Stated differently, the black hole was not growing because most of the accretion flux surrounding the galactic center, at the 1-light-year scale, was not contributing to its formation. So where did all of this extra gas go? This work has also solved this mystery: ALMA discovered outflows from the active galactic nucleus from high-sensitivity measurements of all phase gases (medium-density molecular, atomic, and plasma; red, blue, and pink areas in the first figure above).

It was discovered by quantitative research that most of the gas that was directed into the black hole was released as discharges of molecules or atoms. They ultimately made their way back to the gas disk since they were unable to escape the black hole's gravitational pull because of their sluggish velocity. There, they completed an intriguing gas recycling process in the galactic center by being recycled back into an accretion flow towards the black hole, much like a fountain (second image).

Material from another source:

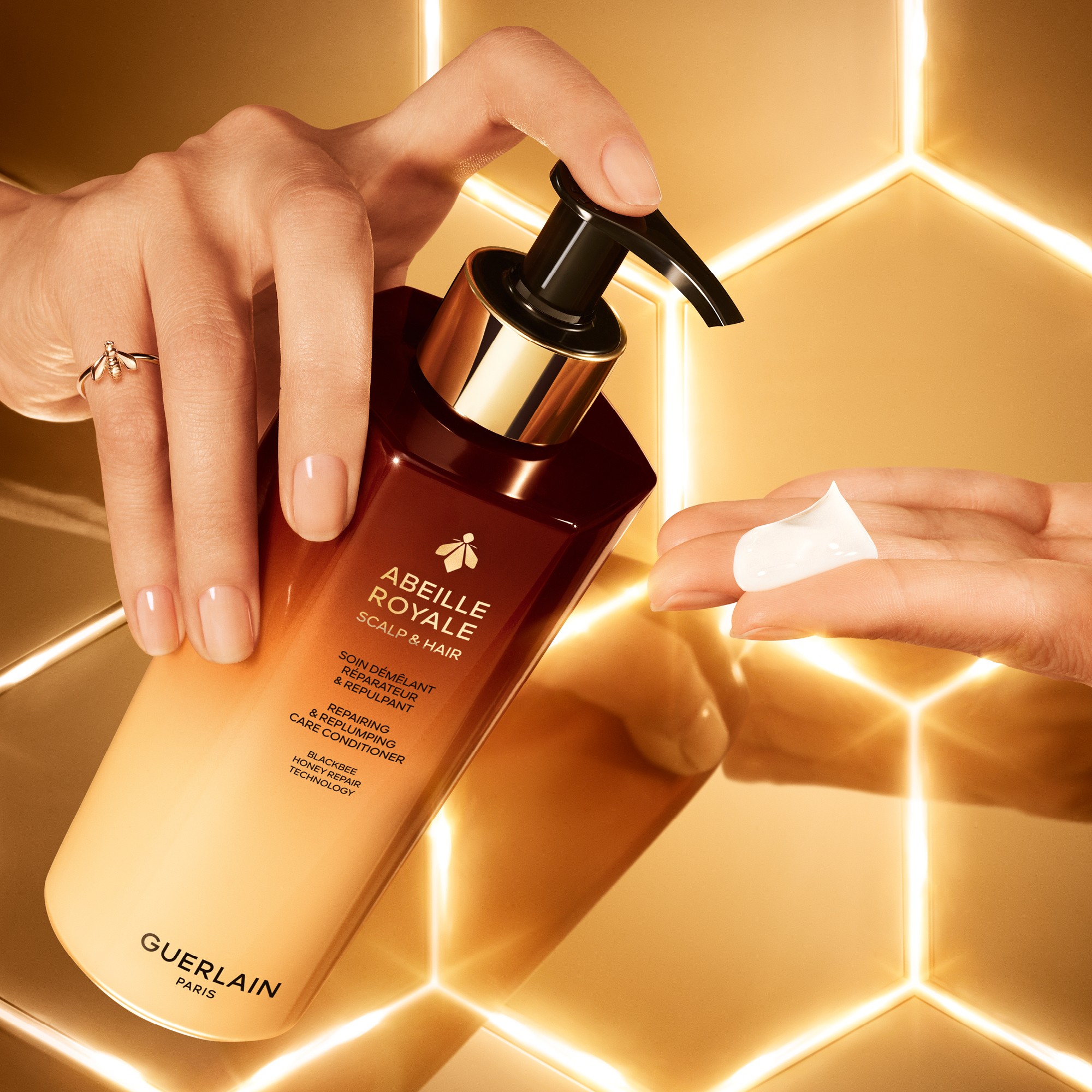 Hair Conditioner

In terms of this research's accomplishments, Izumi states, "Detecting accretion flows and outflows in a region just a few light-years around the actively growing supermassive black hole, particularly in a multiphase gas, and even deciphering the accretion mechanism itself, are indeed monumental achievements in the history of supermassive black hole research."

He goes on, "We need to investigate various types of supermassive black holes that are located farther away from us in order to fully understand the growth of supermassive black holes in cosmic history." We have great hopes for the continued use of ALMA and for planned big radio interferometers in the next generation, as this calls for high-resolution and high-sensitivity observations."